Mads Andenæs KC (also spelt Andenas; born 27 July 1957) is a legal academic and former UN special rapporteur on arbitrary detention and the chair of UN Working Group on Arbitrary Detention. He is a professor at the Faculty of Law of the University of Oslo, the former director of the British Institute of International and Comparative Law, London and the former director of the Centre of European Law at King’s College, University of London.

==Life==
In 2019, Andenæs was made Queen's Counsel honoris causa. He holds the degrees of Cand. Jur. (University of Oslo), Ph.D. (University of Cambridge) and M.A. and D.Phil. (University of Oxford), the Oxford degrees being awarded ad eundem gradum. Having a doctorate from both Oxford and Cambridge makes Andenas what Ghil'ad Zuckermann calls an "Oxbridge paradox". Andenas belongs to the rare group of people who hold a "pair o' docs" (sounding like "paradox" but meaning "two doctorates"), a D.Phil. (Oxon.) and a Ph.D. (Cantab.), from both Oxford and Cambridge universities (commonly abbreviated as Oxbridge).
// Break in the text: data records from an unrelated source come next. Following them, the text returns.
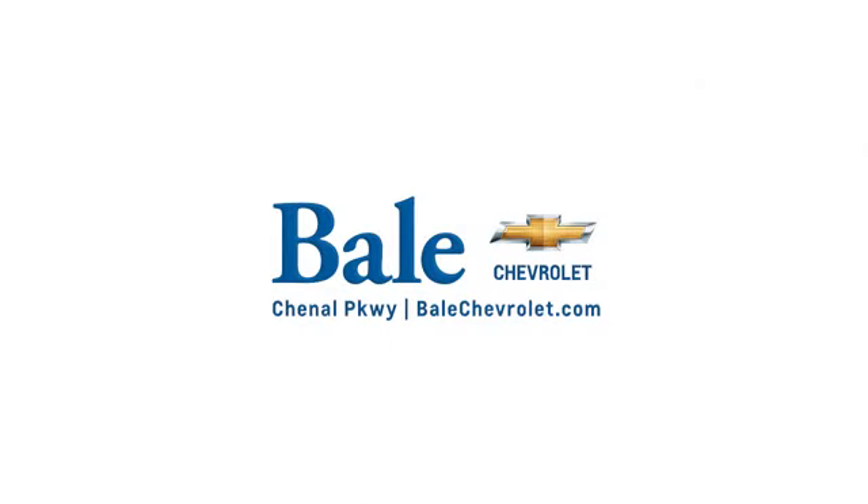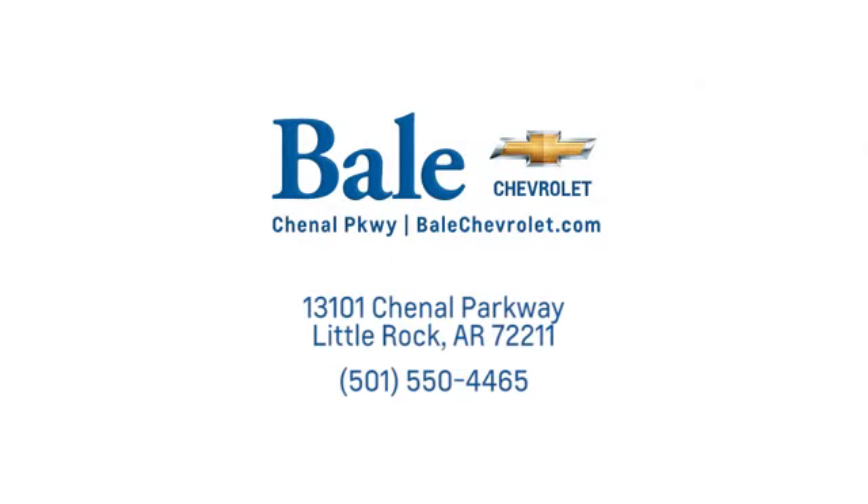Test drive it today. Looking for an unbeatable deal? Come to Bale Chevrolet. We look forward to helping you at Bale Chevrolet.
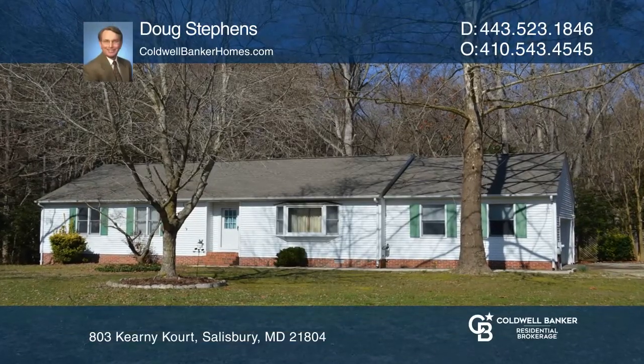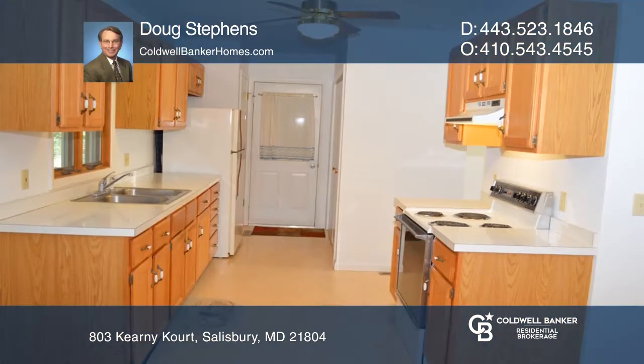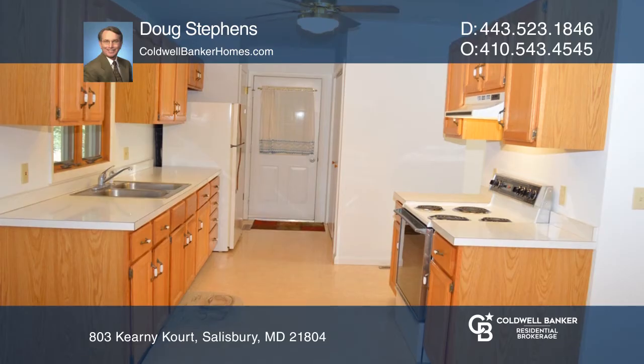This custom-built three-bedroom, two-bath rancher sits on a quiet cul-de-sac featuring many updates and upgrades. All the appliances are included, plus the riding mower.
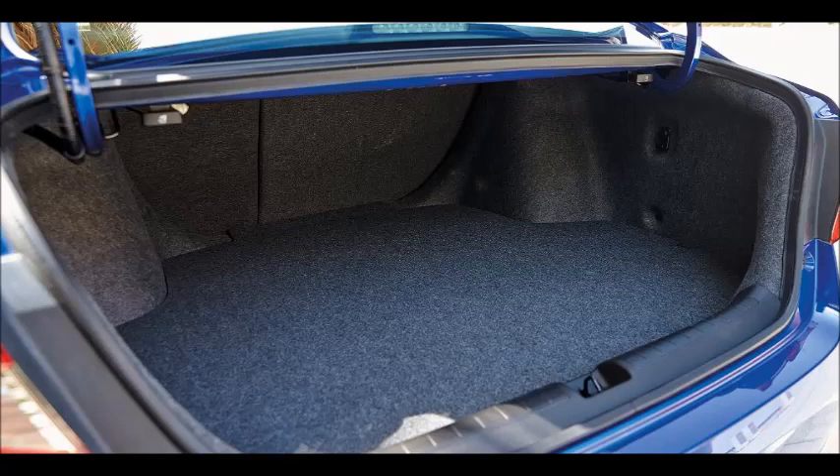This class has plenty of very good options such as the Toyota Camry, Nissan Altima, and Mazda 6, but given the choice, I would probably pick the Accord over the lot of them. It really is a solid all-rounder.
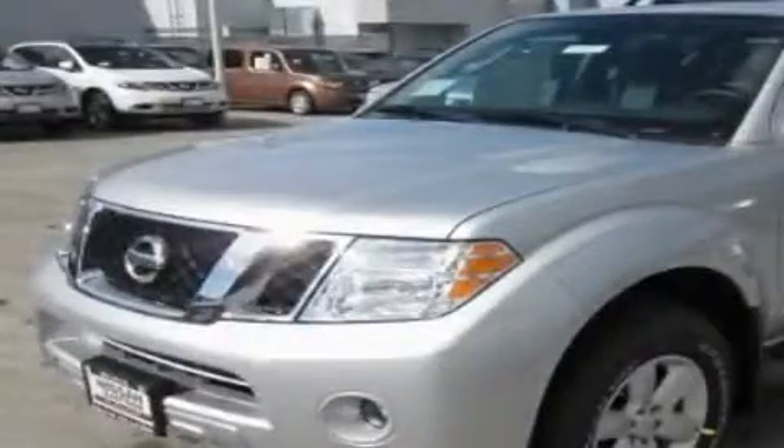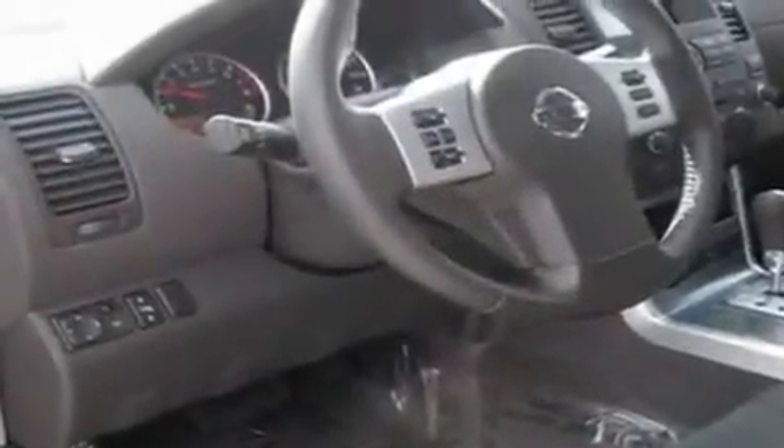This is a brand new 2011 Nissan Pathfinder — a big SUV for big fun. It has a 4.0 liter 6 cylinder engine, automatic transmission, and 4 wheel drive.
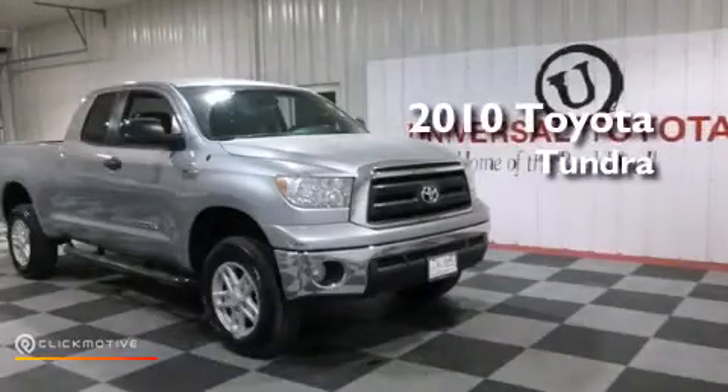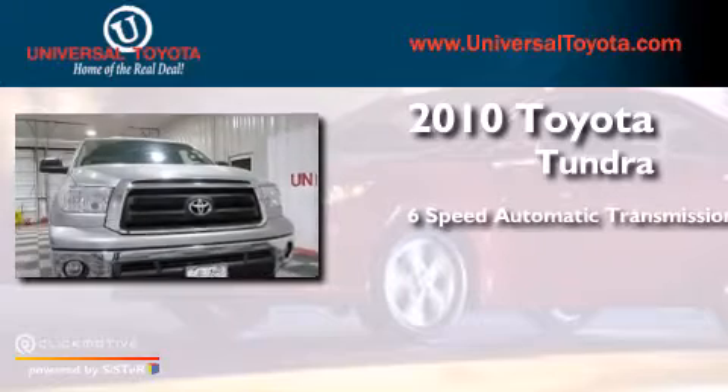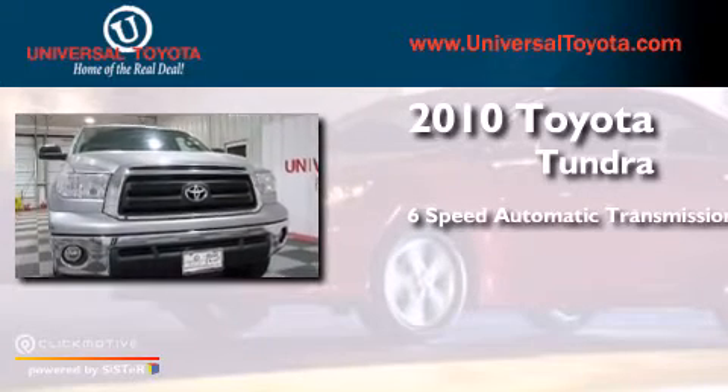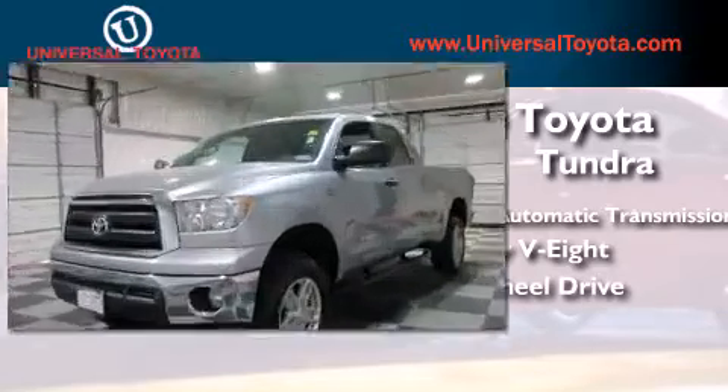This is a 2010 Toyota Tundra. This truck has a 6-speed automatic transmission, a 5.7-liter V8, and the added safety and control of 4-wheel drive.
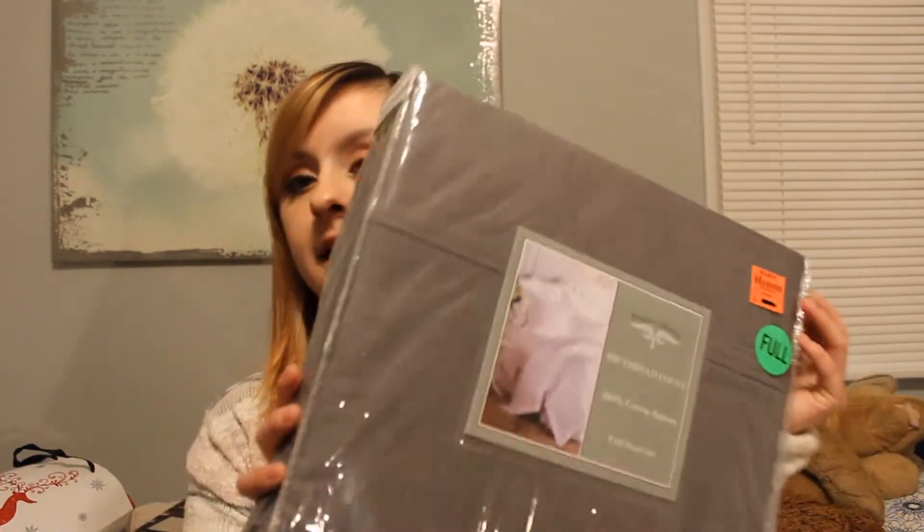And I believe this is the last thing — my dad got me a set of sheets. They're 400 thread count, 100% cotton, and they're gray. I'm pretty pumped about this because I don't really have many sheets. I really just have the ones on my bed right now and they're that microfiber material, so they're not really that nice anyway.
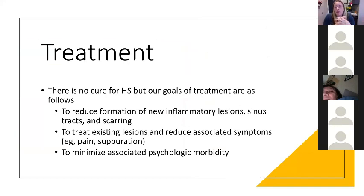There's no cure for hidradenitis, but we have treatment goals. Our goal is to reduce the formation of new inflammatory lesions, reduce sinus tracts, and prevent or minimize scarring as much as possible. We want to treat existing lesions and reduce associated symptoms like pain, drainage, or smell. We also want to minimize associated psychological effects, as this condition can significantly affect the mental psyche.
Andenæs is a research fellow of the Institute of European and Comparative Law, University of Oxford and a senior research fellow at the Institute of Advanced Legal Studies, University of London.

He was visiting professor at University of Paris I (Sorbonne) in 2006 and University of Rome La Sapienza in 2002–2009. In 2002–2003 he held the Chaire W J Ganshof van der Meersch under the Fondation Philippe Wiener–Maurice Anspach at the Université libre de Bruxelles. In 2005 he was a fellow of Netherlands Institute for Advanced Study in the Humanities and Social Sciences. In 2006 he delivered the Annual Guido Carli Lecture at the University of LUISS Guido Carli, Rome. In 2008–2009 he delivered a series of lectures at l'École normale Supérieure, Paris om human rights and comparative law.

He was general editor of the International and Comparative Law Quarterly (Cambridge University Press), the general editor of European Business Law Review (Kluwer Law International) and on the editorial boards of ten other law journals and book series, including the Nijhoff Series on International Trade Law. He was an advisory editor of the University of Bologna Law Review, a generalist student-edited law journal published by the Department of Legal Studies of the University of Bologna.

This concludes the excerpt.